È da Oscar “Il caso Spotlight”, il film sui preti pedofili?

In Cinema

Corre per sei statuette il lavoro di Tom Mc Carthy con Keaton, Ruffalo e Rachel Mc Adams. E sul tema esce ora anche il tenebroso “Il Club” del cileno Larrain

Sono sei le nomination all’Oscar conquistate da Il caso Spotlight (per il film, la regia di Tom McCarthy, la sceneggiatura dello stesso McCarthy e di Josh Singer, Rachel Mc Adams e Mark Ruffalo come miglior attrice/attore non protagonisti, il montatore Tom McArdle) e tra pochi giorni sapremo se qualcuna di trasformerà in statuetta (secondo previsioni accadrà). Ma dal sud continente americano arriva in questi giorni sugli schermi anche Il Club del cileno Pablo Larrain, premio speciale della giuria a Berlino 2015, claustrofobico, cupo racconto con al centro le “mele marce” della Chiesa, il fenomeno dei preti pedofili già raccontati dal film inchiesta ambientato a Boston.

Parliamo di un tema, di un dramma che il cinema ha inizato ad affrontare oltre un decennio fa, almeno da quando uscì nel 2003 il crudo Angeli ribelli dell’irlandese Aisling Walsh e l’anno dopo ne parlò, con toni più intimi, Pedro Almodovar in La mala educaciòn. Tanti i titoli sul terma, da Il dubbio (2008) di John Patrick Shanley, con gli ottimi Meryl Streep e Philip Seymour Hoffman (5 nomination ma nessun Oscar vinto) ai più recenti Mea Maxima Culpa-Silenzio nella casa di Dio dello statunitense Alex Gibney e Calvario di John Michael McDonagh con un ottimo Brandan Gleeson, sacerdote ingiustamente “giustiziato” sulla spiaggia da un uomo abusato da ragazzo. Argomento forte, declinato in tanti modi e stili diversi: ecco le schede dei 2 titoli in uscita ora.

Boston Globe, il punto di vista della stampa

Il punto di vista della stampa è sempre importante. Perchè, se in alcuni casi può essere parziale, o fazioso, in altri è l’unico utile per riuscire a squarciare il velo di un’ipocrisia latente, profonda, che nasconde in modo interessato la verità. E il tema diventa ancor più complicato quando l’inchiesta giornalistica è capace di rivelare al mondo le contraddizioni di un sistema che possono causare forti ricadute sui valori che lo strutturano, soprattutto se si parla di un’istituzione importante e universale come la Chiesa Cattolica.

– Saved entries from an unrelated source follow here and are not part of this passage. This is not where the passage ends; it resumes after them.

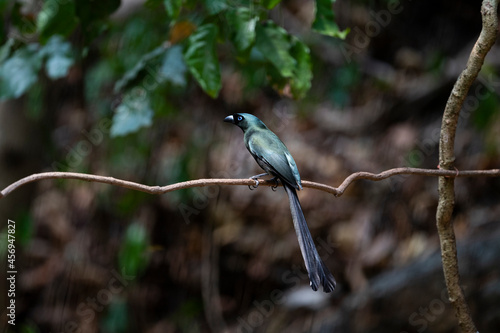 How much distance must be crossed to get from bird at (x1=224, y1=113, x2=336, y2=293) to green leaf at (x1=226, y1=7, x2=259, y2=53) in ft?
1.26

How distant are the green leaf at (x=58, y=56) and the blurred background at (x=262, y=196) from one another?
1.99 ft

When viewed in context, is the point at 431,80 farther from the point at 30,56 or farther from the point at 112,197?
the point at 30,56

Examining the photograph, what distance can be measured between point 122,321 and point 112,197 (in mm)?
1229

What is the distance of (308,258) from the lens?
1.49m

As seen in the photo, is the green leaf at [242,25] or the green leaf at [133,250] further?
the green leaf at [133,250]

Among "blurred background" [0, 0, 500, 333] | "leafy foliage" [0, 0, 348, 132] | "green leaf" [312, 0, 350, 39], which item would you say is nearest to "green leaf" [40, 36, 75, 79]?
"leafy foliage" [0, 0, 348, 132]

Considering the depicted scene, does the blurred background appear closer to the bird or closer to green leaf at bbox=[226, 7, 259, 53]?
the bird

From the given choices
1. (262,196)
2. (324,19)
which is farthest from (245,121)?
(262,196)

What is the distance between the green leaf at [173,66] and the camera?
2.43 meters

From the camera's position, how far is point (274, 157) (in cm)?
199

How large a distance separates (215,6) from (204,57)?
0.21 metres

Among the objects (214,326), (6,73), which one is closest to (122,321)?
(214,326)

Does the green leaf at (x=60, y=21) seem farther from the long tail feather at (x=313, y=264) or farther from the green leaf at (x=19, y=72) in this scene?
the long tail feather at (x=313, y=264)

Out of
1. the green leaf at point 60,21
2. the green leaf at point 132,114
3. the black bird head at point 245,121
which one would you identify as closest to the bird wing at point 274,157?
the black bird head at point 245,121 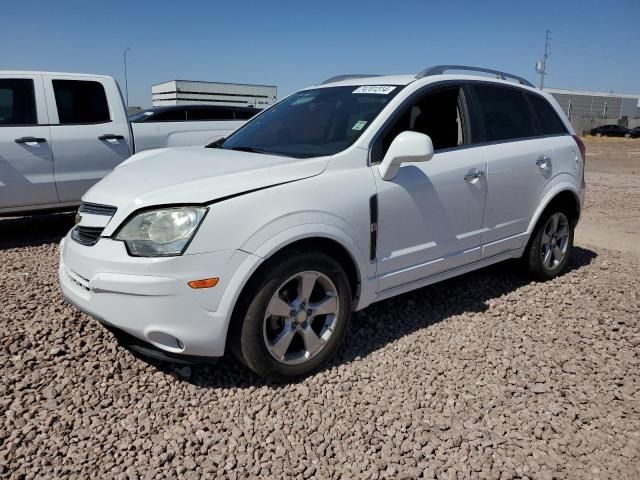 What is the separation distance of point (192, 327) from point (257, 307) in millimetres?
345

Il film di Thomas McCarthy ripercorre le rivelazioni dello Spotlight Team del quotidiano Boston Globe, che seguendo puntualmente le notizie relative al comportamento di alcuni sacerdoti della diocesi di Boston, scoprì una rete capillare, e protetta, di abusi su minori da parte di un consistente numero di religiosi, portando alla luce anche un meccanismo di occultamento che impediva di tutelare l’integrità delle possibili vittime e la vocazione degli stessi ministri, portatori di comportamenti dannosi per loro stessi e per l’intera comunità.

A dispetto del tempo passato dalle vicende, ormai note – lo stesso Papa Francesco si è recentemente espresso in favore di un giudizio che ponga l’attenzione sulla differenza tra omertà e misericordia – è doveroso ricordare una pagina nera dell’istituzione ecclesiastica, e anche quanto un punto un vista onesto e profondo, orientato al valore della giustizia, sia stato capace di mettere a nudo e rendere pubbliche contraddizioni pericolose altrimenti insanabili.

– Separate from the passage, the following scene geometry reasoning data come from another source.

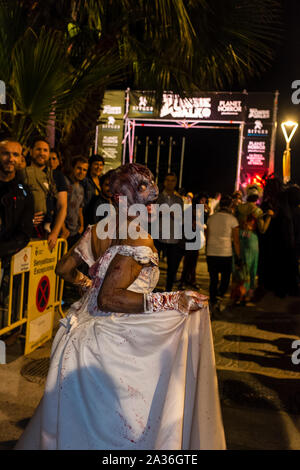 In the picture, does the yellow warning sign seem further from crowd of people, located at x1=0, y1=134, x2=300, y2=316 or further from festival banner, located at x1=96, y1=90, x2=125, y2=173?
festival banner, located at x1=96, y1=90, x2=125, y2=173

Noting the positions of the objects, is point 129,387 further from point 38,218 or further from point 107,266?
point 38,218

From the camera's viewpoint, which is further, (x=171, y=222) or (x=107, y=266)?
(x=171, y=222)

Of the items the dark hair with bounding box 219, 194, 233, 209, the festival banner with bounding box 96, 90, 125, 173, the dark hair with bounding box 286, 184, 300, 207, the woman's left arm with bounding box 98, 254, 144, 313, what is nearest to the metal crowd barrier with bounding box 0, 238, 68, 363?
the woman's left arm with bounding box 98, 254, 144, 313

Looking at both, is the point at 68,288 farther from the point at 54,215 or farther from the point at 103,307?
the point at 103,307

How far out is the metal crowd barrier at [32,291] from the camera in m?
4.85

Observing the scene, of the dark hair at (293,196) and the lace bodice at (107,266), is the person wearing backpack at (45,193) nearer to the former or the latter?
the lace bodice at (107,266)

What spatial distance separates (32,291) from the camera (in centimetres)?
507

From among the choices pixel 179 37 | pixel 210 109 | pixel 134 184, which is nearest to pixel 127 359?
pixel 134 184

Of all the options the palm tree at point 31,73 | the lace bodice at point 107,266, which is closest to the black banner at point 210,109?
the palm tree at point 31,73

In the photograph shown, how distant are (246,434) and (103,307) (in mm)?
1858

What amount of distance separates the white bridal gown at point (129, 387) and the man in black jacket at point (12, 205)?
7.20 ft

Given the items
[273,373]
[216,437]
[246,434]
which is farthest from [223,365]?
[216,437]

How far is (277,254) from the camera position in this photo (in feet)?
30.2

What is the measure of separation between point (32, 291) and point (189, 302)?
2929 mm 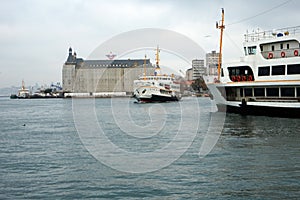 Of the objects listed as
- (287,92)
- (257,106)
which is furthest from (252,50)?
(287,92)

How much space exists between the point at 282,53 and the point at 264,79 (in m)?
2.84

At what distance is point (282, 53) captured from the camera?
37.2 metres

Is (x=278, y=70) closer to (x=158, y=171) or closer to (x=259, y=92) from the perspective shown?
Answer: (x=259, y=92)

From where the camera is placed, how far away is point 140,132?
2998 cm

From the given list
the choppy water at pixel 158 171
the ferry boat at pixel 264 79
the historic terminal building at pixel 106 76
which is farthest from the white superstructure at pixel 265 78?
the historic terminal building at pixel 106 76

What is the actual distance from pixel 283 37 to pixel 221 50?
11.5 metres

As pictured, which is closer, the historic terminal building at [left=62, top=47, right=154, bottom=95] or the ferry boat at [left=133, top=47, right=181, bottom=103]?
the ferry boat at [left=133, top=47, right=181, bottom=103]

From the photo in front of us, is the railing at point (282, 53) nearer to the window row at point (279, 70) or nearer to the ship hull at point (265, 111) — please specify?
the window row at point (279, 70)

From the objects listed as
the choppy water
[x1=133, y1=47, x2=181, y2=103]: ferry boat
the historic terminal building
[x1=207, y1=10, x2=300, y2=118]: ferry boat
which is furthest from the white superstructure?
the historic terminal building

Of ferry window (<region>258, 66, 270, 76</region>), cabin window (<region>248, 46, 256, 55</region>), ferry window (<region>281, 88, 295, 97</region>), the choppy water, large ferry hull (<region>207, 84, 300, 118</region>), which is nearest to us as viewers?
the choppy water

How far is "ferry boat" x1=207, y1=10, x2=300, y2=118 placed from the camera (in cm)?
3556

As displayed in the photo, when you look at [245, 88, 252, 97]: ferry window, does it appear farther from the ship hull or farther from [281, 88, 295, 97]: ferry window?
[281, 88, 295, 97]: ferry window

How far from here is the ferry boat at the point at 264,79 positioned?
35562 millimetres

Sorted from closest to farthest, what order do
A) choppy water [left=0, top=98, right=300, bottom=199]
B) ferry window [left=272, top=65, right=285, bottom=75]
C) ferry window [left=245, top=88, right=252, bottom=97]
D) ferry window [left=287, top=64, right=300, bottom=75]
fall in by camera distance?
1. choppy water [left=0, top=98, right=300, bottom=199]
2. ferry window [left=287, top=64, right=300, bottom=75]
3. ferry window [left=272, top=65, right=285, bottom=75]
4. ferry window [left=245, top=88, right=252, bottom=97]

La morale rappresentata dall’istituzione ecclesiastica e la giustizia incarnata dagli studi di avvocatura, che coprivano legalmente gli scandali, si avviluppano sempre più in un gioco di interessi contrari alla missione dei loro portatori: così la difesa giudiziaria e un’etica distorta si schierano a vantaggio dei colpevoli, e una “cura” sbagliata dello spirito genera in realtà la sua malattia. Ma Michael Keaton e Mark Ruffalo per primi, guidati da Liev Schrieber nei panni dell’allora nuovo direttore di origini ebraiche Marty Biron, esaltano il carisma di un piccolo gruppo di persone che credevano nel loro ruolo, e che in mezzo a molte difficoltà e ostacoli riuscì a portare a galla con tenacia i fatti.

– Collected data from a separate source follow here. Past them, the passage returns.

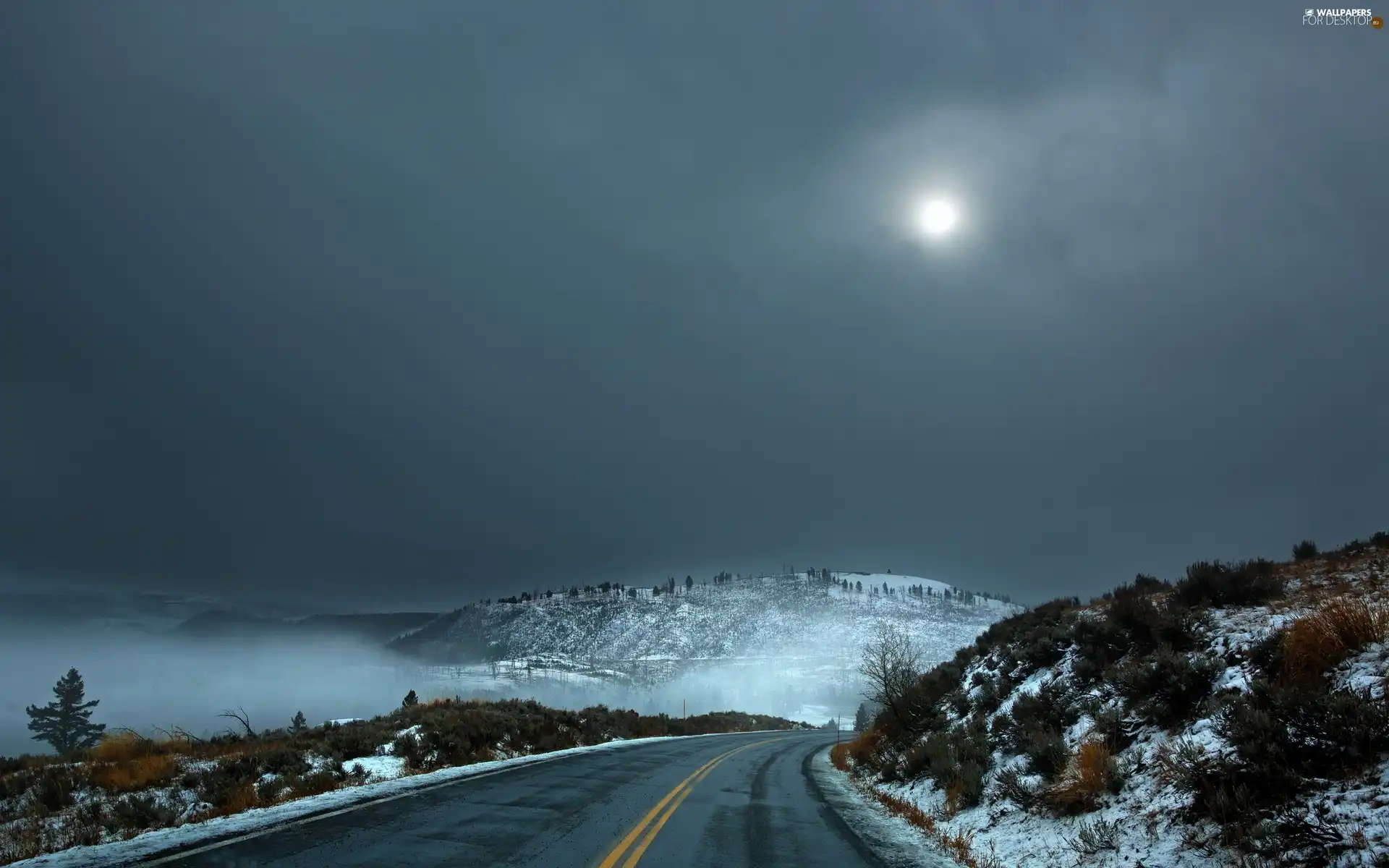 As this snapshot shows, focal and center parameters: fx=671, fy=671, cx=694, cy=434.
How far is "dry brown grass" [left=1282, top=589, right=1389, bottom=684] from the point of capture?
904cm

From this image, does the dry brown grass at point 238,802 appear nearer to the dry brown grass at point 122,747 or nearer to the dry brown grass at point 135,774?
the dry brown grass at point 135,774

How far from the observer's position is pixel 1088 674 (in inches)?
565

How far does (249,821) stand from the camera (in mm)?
9414

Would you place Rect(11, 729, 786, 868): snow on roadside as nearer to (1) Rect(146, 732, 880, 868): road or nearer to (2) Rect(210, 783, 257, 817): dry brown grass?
(1) Rect(146, 732, 880, 868): road

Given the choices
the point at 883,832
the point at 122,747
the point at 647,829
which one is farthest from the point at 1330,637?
the point at 122,747

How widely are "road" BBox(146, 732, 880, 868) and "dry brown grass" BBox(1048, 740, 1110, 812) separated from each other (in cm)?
320

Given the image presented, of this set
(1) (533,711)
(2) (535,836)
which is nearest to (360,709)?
(1) (533,711)

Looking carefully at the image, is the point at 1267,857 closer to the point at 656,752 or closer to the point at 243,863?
the point at 243,863

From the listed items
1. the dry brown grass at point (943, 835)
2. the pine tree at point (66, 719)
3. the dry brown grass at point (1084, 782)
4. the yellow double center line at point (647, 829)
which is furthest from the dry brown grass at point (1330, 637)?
the pine tree at point (66, 719)

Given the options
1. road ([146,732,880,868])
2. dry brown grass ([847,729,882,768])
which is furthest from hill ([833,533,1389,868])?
dry brown grass ([847,729,882,768])

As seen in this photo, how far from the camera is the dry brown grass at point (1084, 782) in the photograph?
989cm

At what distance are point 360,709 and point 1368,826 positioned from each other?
661 ft

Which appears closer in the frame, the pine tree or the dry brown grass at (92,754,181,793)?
the dry brown grass at (92,754,181,793)

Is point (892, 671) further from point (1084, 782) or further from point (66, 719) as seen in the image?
point (66, 719) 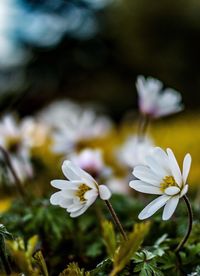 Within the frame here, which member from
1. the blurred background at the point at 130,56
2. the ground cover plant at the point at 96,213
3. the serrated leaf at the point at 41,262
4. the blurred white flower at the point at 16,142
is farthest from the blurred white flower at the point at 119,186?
the blurred background at the point at 130,56

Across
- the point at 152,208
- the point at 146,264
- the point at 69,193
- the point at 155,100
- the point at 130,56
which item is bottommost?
the point at 146,264

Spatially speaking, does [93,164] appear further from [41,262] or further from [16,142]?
[41,262]

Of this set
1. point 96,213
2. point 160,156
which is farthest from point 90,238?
point 160,156

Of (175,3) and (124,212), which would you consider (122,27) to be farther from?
(124,212)

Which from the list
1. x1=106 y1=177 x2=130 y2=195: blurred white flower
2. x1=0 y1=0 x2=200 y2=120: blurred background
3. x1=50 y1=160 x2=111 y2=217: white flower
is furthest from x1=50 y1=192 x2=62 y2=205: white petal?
x1=0 y1=0 x2=200 y2=120: blurred background

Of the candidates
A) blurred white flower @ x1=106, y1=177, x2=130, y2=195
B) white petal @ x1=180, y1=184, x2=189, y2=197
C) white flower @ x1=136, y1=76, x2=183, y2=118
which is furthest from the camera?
blurred white flower @ x1=106, y1=177, x2=130, y2=195

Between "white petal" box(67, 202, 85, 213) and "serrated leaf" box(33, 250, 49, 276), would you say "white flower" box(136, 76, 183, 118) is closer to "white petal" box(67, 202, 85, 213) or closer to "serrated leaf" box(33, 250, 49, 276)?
"white petal" box(67, 202, 85, 213)

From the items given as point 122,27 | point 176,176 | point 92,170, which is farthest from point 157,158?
point 122,27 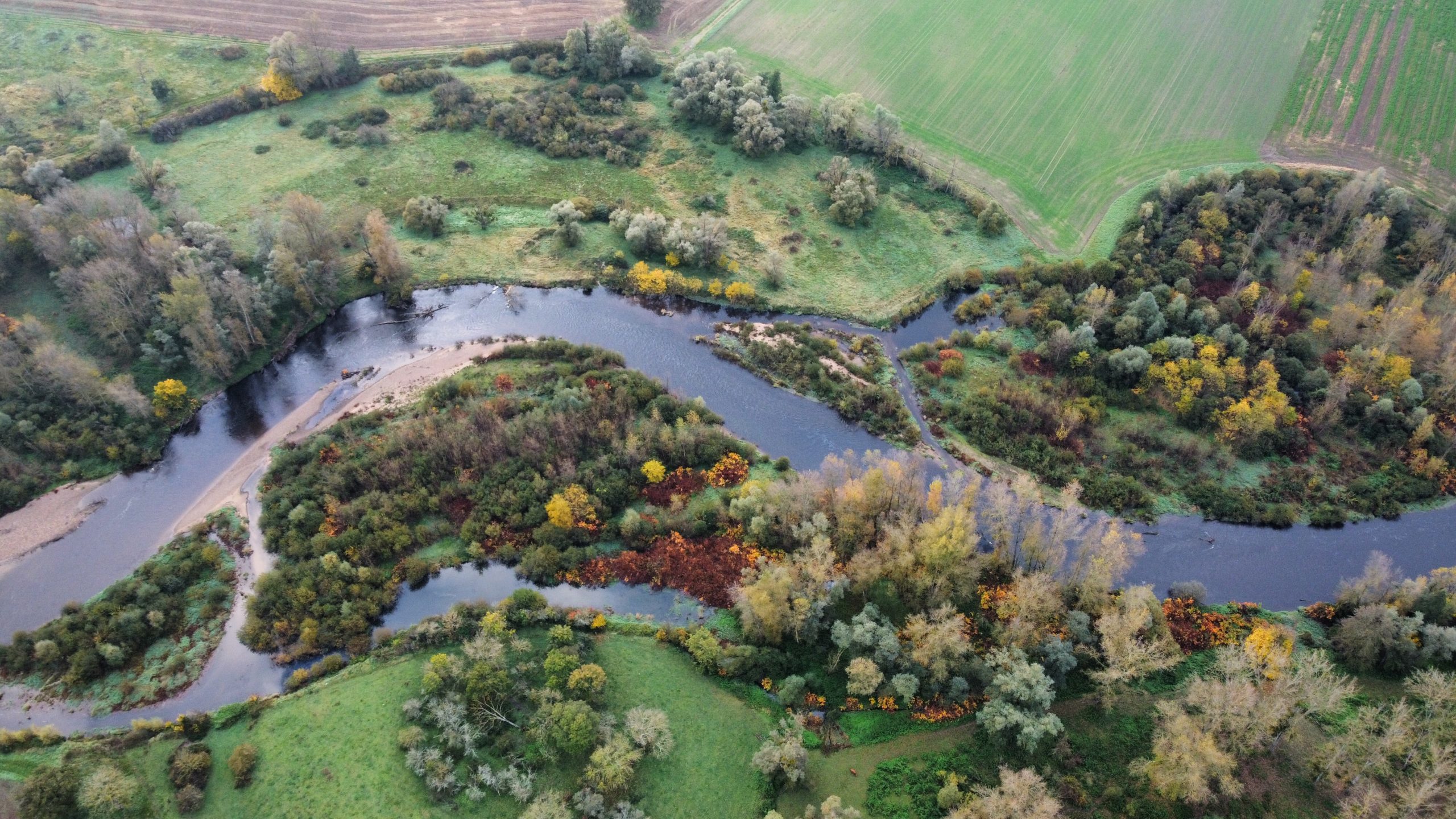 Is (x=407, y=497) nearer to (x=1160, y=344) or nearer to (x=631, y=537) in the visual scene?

È, questo, un film ben raccontato che fa perno sulle relazioni, sul sostegno reciproco dei protagonisti, capaci di superare i muri della burocrazia e aggirare le censure, e che penetra nelle dinamiche vaticane, forse con il limite di risultare un po’ troppo esterno e di ridurre il confronto con le figure istituzionali e clericali unicamente a quella del Cardinale sotto accusa. Il caso Spotlight ci ricorda che per operare davvero con rettitudine nella società è sempre necessaria la presenza di un parere libero, non condizionato e orientato verso l’onestà. Uno sguardo che aiuti a mettere in pratica il principio etico “Non fare agli altri quello che non vorresti fosse fatto a te”, che deve diventare un atto di vita concreta e responsabile e non soltanto una massima retorica e teorica.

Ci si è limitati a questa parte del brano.